Three of the four most common primary brain tumors are gliomas, meningiomas, and pituitary tumors4. Gliomas are malignant tumors, and because of their aggressive nature, early detection is a critical component of reducing mortality5.By contrast, meningiomas are typically benign tumors that develop in the membrane that surrounds the brain and spinal cord. Finally, pituitary tumors are lumps that grow on the pituitary gland. Like meningiomas, pituitary tumors are typically benign; however, they can cause other medical issues due to their location, including issues with hormone production. Figure 1 below shows the frequency of each tumor class in adult patients.
Because of the physiological changes that brain tumors cause, they can be identified with imaging technologies like magnetic resonance imaging (MRI), computerized tomography (CT), and positron emission tomography (PET)7. MRI is the most commonly used technology for imaging because it is non-invasive and provides the most detailed information about the size, shape, position, and type of tumors7. However, according to the Radiological Society of North America, human analysis of MRI images is a laborious process that provides ample opportunity for error8. Also, in addition to medical imaging, patients often undergo a surgical biopsy to classify their tumor, which is an invasive and inherently risky procedure.
Due to the potential for erroneous human analysis of MRIs and the risks of obtaining a biopsy analysis of brain tumors, automated image classification algorithms play an integral role in assisting physicians with less time-consuming, more accurate brain tumor diagnoses. In a 2015 study by Cheng et al., the researchers were able to automate the classification of gliomas, meningiomas, and pituitary tumors with an accuracy of 91.28% by augmenting the tumor regions of interest using image dilation9. However, new technologies such as the Convolutional Neural Network (CNN) have proven to be even more successful. For example, a 2021 study by Francisco et al. achieved a classification accuracy of 97.3% by using a multi-pathway CNN10. Furthermore, CNNs require less image preprocessing than other algorithms, allowing for greater efficiency and applicability to more fields11.
Despite their apparent benefits, Convolutional Neural Networks are limited in their abilities based on the size of the dataset used for training. This poses a problem for medical classification tasks because medical imaging datasets are often small due to rigorous standards for the acquisition of data. This issue presents the need for data augmentation in medical machine learning tasks to improve the accuracy and efficiency of CNN models.
Image data augmentation is the process by which an image dataset is diversified by modifying the original images through various methods. In classification tasks, commonly used augmentation methods include horizontal and vertical translations, horizontal reflections, random rotations, and random zooms12. Horizontal and vertical translations allow for an image to be shifted up, down, left, or right by a specified or random amount, and horizontal reflections enable the images to be randomly flipped across their y-axis.

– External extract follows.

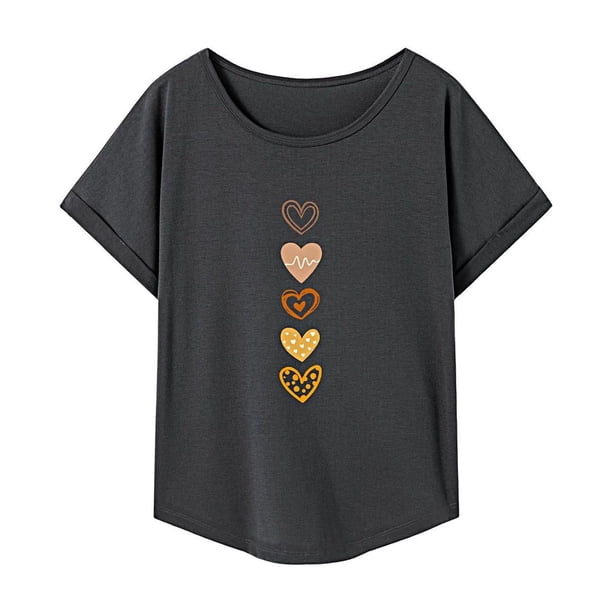 Camiseta para Mujer Verano Mujer Cuello Redondo Manga Corta Top para Viajes en la Playa XL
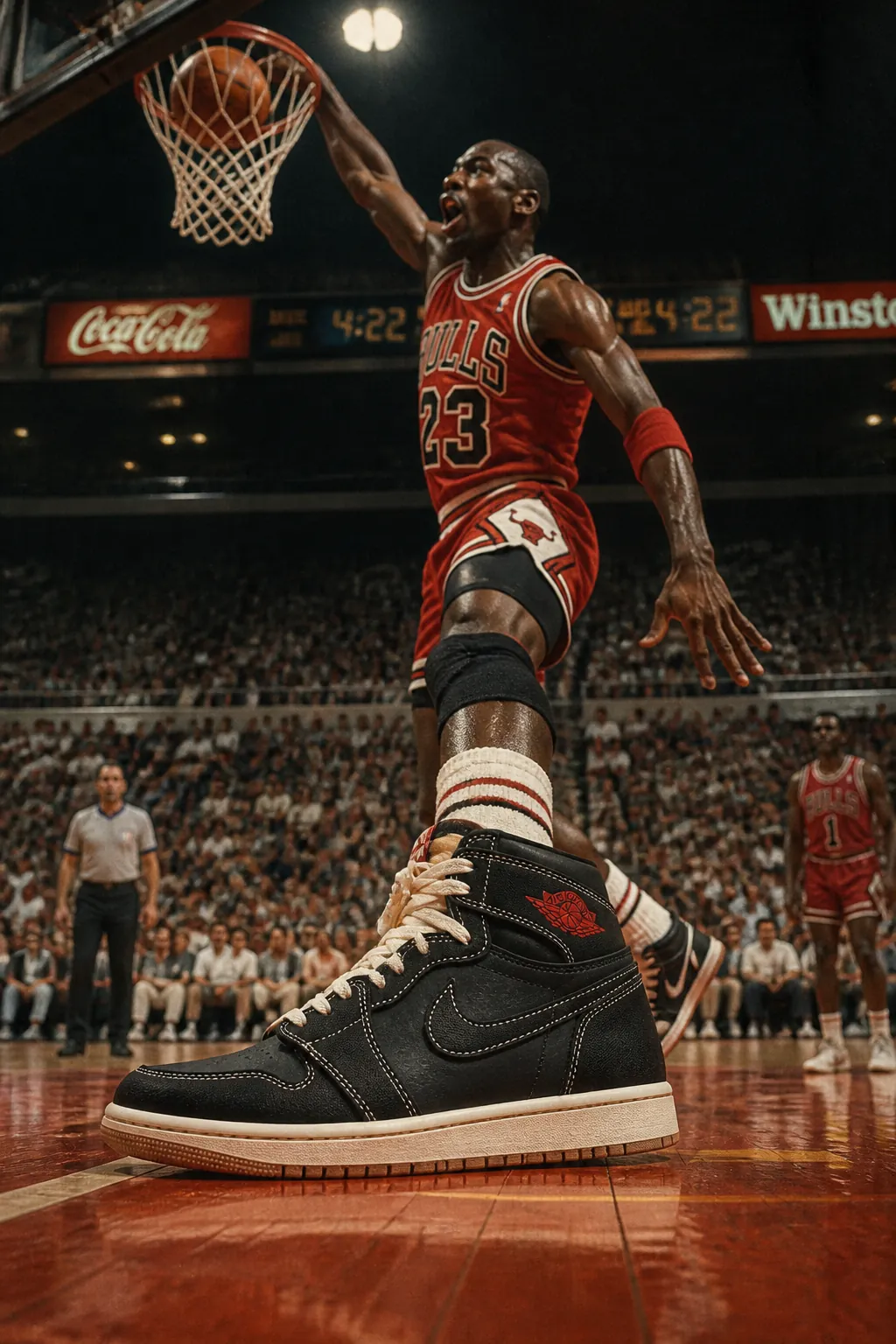 Vintage photograph of Michael Jordan performing an iconic dunk in a classic basketball game with retro camera quality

Rotation augmentations rotate images by a random degree value in a specified interval, and zooms cause an image to appear larger or smaller13. Such methods play a crucial role in classification tasks, as they help to diversify a dataset and prevent overfitting, which can increase a model’s accuracy. Each of the above methods was employed in this study.
In this study, I developed a custom Convolutional Neural Network model to assess the possibility of automating brain tumor classification with deep learning, and then I analyzed how different methods of data augmentation impacted my model’s capabilities when used separately and in coalition with one another. The objective of this research was to discover how accurately brain tumors could be diagnosed through automated image classification, and to determine if different data augmentation strategies had the ability to improve the classification results. I hypothesized that my CNN model would obtain the highest classification accuracy when utilizing each method of data augmentation simultaneously because this would provide the most diverse training dataset and most significantly decrease the chances of overfitting.
Results
Data Augmentation Results
Several methods of data augmentation were applied to the images in the dataset in order to prevent overfitting and increase the classification accuracy of my CNN model. Examples of augmented images using each method of data augmentation for each tumor class in the axial plane are shown in Figure 2. These images were all generated according to the parameters outlined in the Methods section.

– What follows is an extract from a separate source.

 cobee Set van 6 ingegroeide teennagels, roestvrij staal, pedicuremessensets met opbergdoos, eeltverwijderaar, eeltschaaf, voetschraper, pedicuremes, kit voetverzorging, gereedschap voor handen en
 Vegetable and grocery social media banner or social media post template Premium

Figure 2. Examples of no tumors (left column), gliomas (left-middle column), meningiomas (right-middle column), and pituitary tumors (right column) in the axial plane with different methods of data augmentation, as were implemented in the various CNN trials. The original image for each tumor class is shown in the top row. These images were generated and hand-selected outside of the CNN trials. They are included solely for the sake of visualization.

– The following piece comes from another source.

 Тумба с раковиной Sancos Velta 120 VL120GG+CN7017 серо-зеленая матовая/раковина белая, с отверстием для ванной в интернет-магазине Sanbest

CNN Classification Results
No Augmentation
I implemented and evaluated the CNN model I developed over six trials, each of which used different methods of data augmentation in order to assess their independent and collective efficacy. The first CNN trial was tested with no data augmentation in order to establish a control. Its classification results are displayed in Table 1 below.
Despite utilizing no data augmentation, the CNN model used in this study was able to classify brain tumors correctly 93.02% of the time and obtained an average F1 score of 93.03%. This is an impressive result, most likely attributed to the relatively large size of the dataset, but the implementation of data augmentation was able to improve the CNN’s classification accuracy significantly.
Figures 3 and 4 below display the CNN model’s confusion matrix and accuracy/loss plots generated from the testing dataset.
Rotational Augmentation
Table 2 displays the classification results for the CNN model utilizing rotational data augmentation. Examples of images after rotational data augmentation are displayed in Figure 2 above
When utilizing rotational data augmentation, which used the same number of images in the training and testing datasets, my CNN model’s metrics decreased by a slight margin compared to the no-augmentation model. In the trial, rotational data augmentation appears to have been successful in some aspects when classifying no tumor and pituitary tumor images. However, the model struggled to classify gliomas and meningiomas successfully when rotational augmentation was used, which ultimately decreased the overall success and resulted in an overall classification accuracy of 91.17% and an average F1 score of 90.99%.
Figures 5 and 6 display the CNN model’s confusion matrix and accuracy/loss plots generated from the testing dataset.
Translational Augmentation
Table 3 displays the classification results for the CNN model utilizing both horizontal and vertical translations. Examples of images after translational data augmentation are displayed in Figure 2 above.
When utilizing translations as data augmentation, which used the same number of images for training and testing, my CNN model’s metrics increased significantly from a classification accuracy of 93.02% and an average F1 score of 93.03% in the no-augmentation to an accuracy of 95.80% and an average F1 score of 95.66%. In the trial, translational augmentation increased the model’s capabilities in nearly every category, especially for no tumor and pituitary tumor images. This implementation resulted in the most successful classification metrics in terms of overall accuracy and average F1 score, even outperforming the CNN model utilizing all methods of augmentation.
Figures 7 and 8 display the CNN model’s confusion matrix and accuracy/loss plots generated from the testing dataset.
Zooming Augmentation
Table 4 displays the classification results for the CNN model utilizing zooming. Examples of images after zooming for data augmentation are displayed in Figure 2 above.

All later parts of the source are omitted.